Individualized Drug Therapy Research Program, Faculty of Medicine, University of Helsinki, Helsinki, Finland.
PLoS One. 2019 Apr 26;14(4):e0216029. doi: 10.1371/journal.pone.0216029. eCollection 2019.
Adverse events (AEs) associated with the use of fluoroquinolone antimicrobials include Clostridium difficile associated diarrhea (CDAD), liver injury and seizures. Yet, the economic impact of these AEs is seldom acknowledged. The aim of this review was to identify health service use and subsequent costs associated with ciprofloxacin, levofloxacin, moxifloxacin, norfloxacin and ofloxacin -related AEs.
A literature search covering Medline, SCOPUS, Cinahl, Web of Science and Cochrane Library was performed in April 2017. Two independent reviewers systematically extracted the data and assessed the quality of the included studies. All costs were converted to 2016 euro in order to improve comparability.
Of the 5,687 references found in the literature search, 19 observational studies, of which five were case-controlled, fulfilled the inclusion criteria. Hospitalization was an AE-related health service use outcome in 17 studies. Length of hospital stay associated with AEs varied between <5 and 45 days. The estimated cost of an AE episode ranged between 140 and 18,252 €. CDAD was associated with the longest stays in hospital. Ten studies reported AE-related length of stays and five evaluated costs associated with AEs. Due to the lack of published literature, health service use and costs associated with many high-risk FQ-related AEs could not be evaluated.

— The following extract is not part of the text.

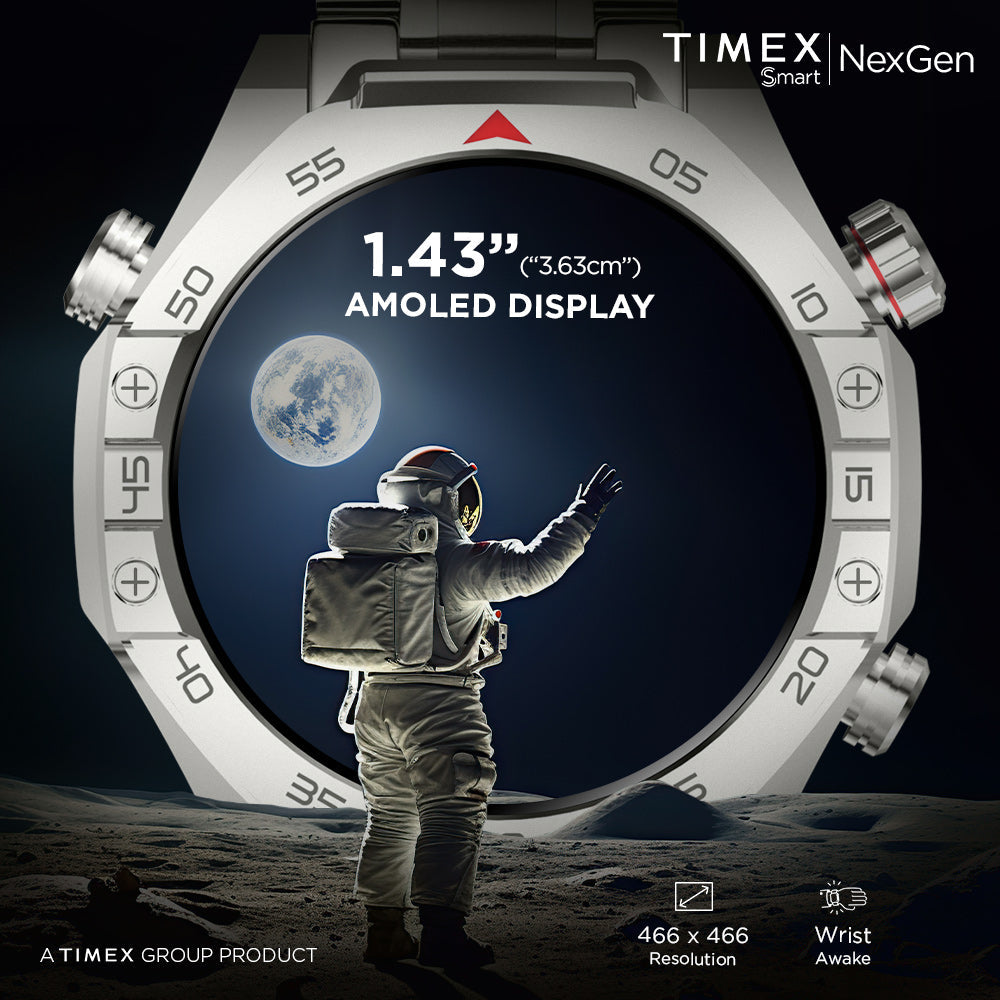 Timex Smart NexGen 1.43"(3.6cm) Display with Functional Crown and BT Calling Smartwatch For Unisex - TWTXW701T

Because of the wide clinical use of fluoroquinolones, in particular serious fluoroquinolone-related AEs can have substantial economic implications, in addition to imposing potentially devastating health complications for patients. Further measures are required to prevent and reduce health service use and costs associated with fluoroquinolone-related AEs. Equally, better-quality reporting and additional published data on health service use and costs associated with AEs are needed.

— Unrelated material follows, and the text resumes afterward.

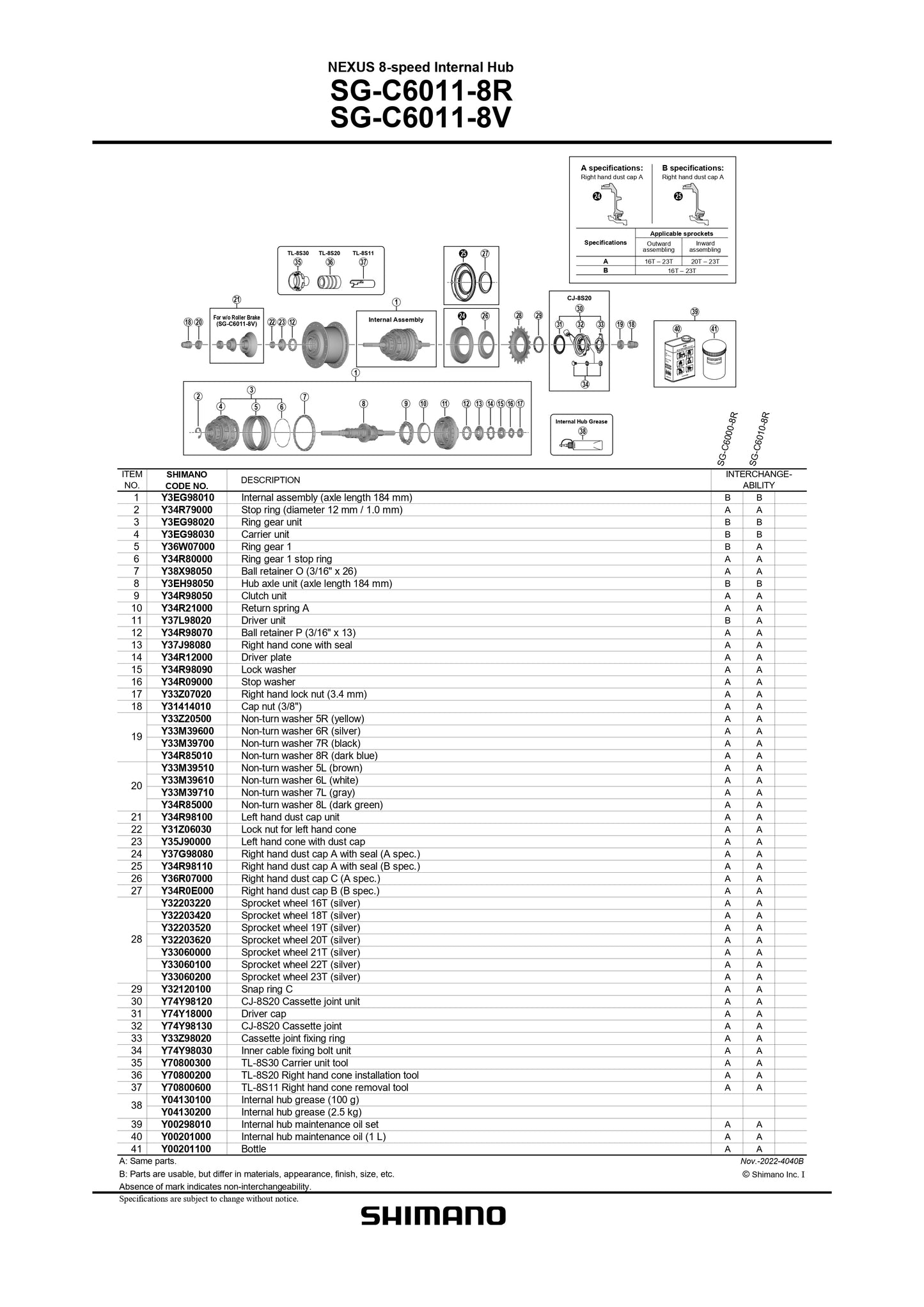 SHIMANO Nexus SG-C6011-8R Internal Hub 8-Speed Internal Assembly Axle Length 184 mm - Y3EG98010-Pit Crew Cycles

氟喹诺酮类抗菌药物相关的不良反应(AE)包括艰难梭菌相关性腹泻(CDAD)、肝损伤和癫痫发作。然而,这些 AE 的经济影响很少被承认。本综述的目的是确定与环丙沙星、左氧氟沙星、莫西沙星、诺氟沙星和氧氟沙星相关 AE 相关的卫生服务利用和后续成本。
2017 年 4 月,进行了涵盖 Medline、SCOPUS、Cinahl、Web of Science 和 Cochrane Library 的文献检索。两名独立审查员系统地提取数据并评估纳入研究的质量。为了提高可比性,所有成本均转换为 2016 年欧元。
在文献检索中发现的 5687 条参考文献中,有 19 项观察性研究符合纳入标准,其中 5 项为病例对照研究。住院是 17 项研究中与 AE 相关的卫生服务利用结果。与 AE 相关的住院时间长短在<5 至 45 天之间变化。AE 发作的估计成本在 140 至 18252 欧元之间。CDAD 与住院时间最长有关。有 10 项研究报告了 AE 相关的住院时间,有 5 项评估了与 AE 相关的成本。由于缺乏已发表的文献,许多高危 FQ 相关 AE 的卫生服务利用和成本无法评估。
由于氟喹诺酮类药物的广泛临床应用,特别是严重的氟喹诺酮类相关 AE 可能会产生重大的经济影响,除了对患者造成潜在的毁灭性健康并发症外。需要进一步采取措施预防和减少与氟喹诺酮类相关 AE 相关的卫生服务利用和成本。同样,需要更好质量的报告以及与 AE 相关的卫生服务利用和成本的更多已发表数据。